# FCG motor



## -blank- (Sep 10, 2006)

For this halloween i wanted 2 hve an FCG (flying crank ghost) since ive been 
putting off making one for 2-3 yrs. My question is can u use a dayton 6.9 rpm gearmotor instead of the one recommended on phantasmechanics? The motor is 3M096 on grainger.

The only difference i could find between the two was one has 1/333 hp input and the other has 1/100 hp input, a different gear ratio, and one has overhung load 3.5 an other has 50.

Thanks!


----------



## randyaz (May 26, 2006)

that sounds to wimpy a motor for a fcg


----------



## Brad Green (Jul 29, 2004)

People have used a wide variety of motors to make fcg's. The only thing you have to be careful of, aside from rpm, is the motors torque output. Too little torque will put you in a situation where you have to counter balance the puppet in order to get it to move, which is kind of a pain in the ass, more pulleys, gotta get the right amount of ballast, etc.
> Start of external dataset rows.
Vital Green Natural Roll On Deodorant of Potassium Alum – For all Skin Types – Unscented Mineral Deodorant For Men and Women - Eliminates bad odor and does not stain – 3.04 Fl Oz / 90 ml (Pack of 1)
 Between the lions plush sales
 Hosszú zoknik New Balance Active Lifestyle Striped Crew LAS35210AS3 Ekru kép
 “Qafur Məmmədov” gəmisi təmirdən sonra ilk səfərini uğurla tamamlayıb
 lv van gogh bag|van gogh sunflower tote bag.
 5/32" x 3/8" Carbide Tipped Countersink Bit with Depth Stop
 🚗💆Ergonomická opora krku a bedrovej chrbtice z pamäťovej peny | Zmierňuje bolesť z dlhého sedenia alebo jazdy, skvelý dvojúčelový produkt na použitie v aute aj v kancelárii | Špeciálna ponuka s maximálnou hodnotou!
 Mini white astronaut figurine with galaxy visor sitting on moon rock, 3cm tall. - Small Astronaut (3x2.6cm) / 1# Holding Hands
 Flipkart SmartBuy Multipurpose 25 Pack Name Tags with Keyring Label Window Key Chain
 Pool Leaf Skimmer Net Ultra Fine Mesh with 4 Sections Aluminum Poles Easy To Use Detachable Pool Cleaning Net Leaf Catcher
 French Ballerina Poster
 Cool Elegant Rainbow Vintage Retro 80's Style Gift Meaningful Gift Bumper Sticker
You can't go wrong by getting more motor than you need, even if it costs a bit more, you'll be happier with the end product.


----------



## -blank- (Sep 10, 2006)

Thank you for responding I think i will go with the more suggested by phantasmechanics, even if it does cost more

Ill put pics up of finished product eventually


----------



## ScareFX (Aug 18, 2004)

-blank- said:


> Thank you for responding I think i will go with the more suggested by phantasmechanics, even if it does cost more
> 
> Ill put pics up of finished product eventually


You will not be disappointed with that motor. The few extra dollars will be worth it.


----------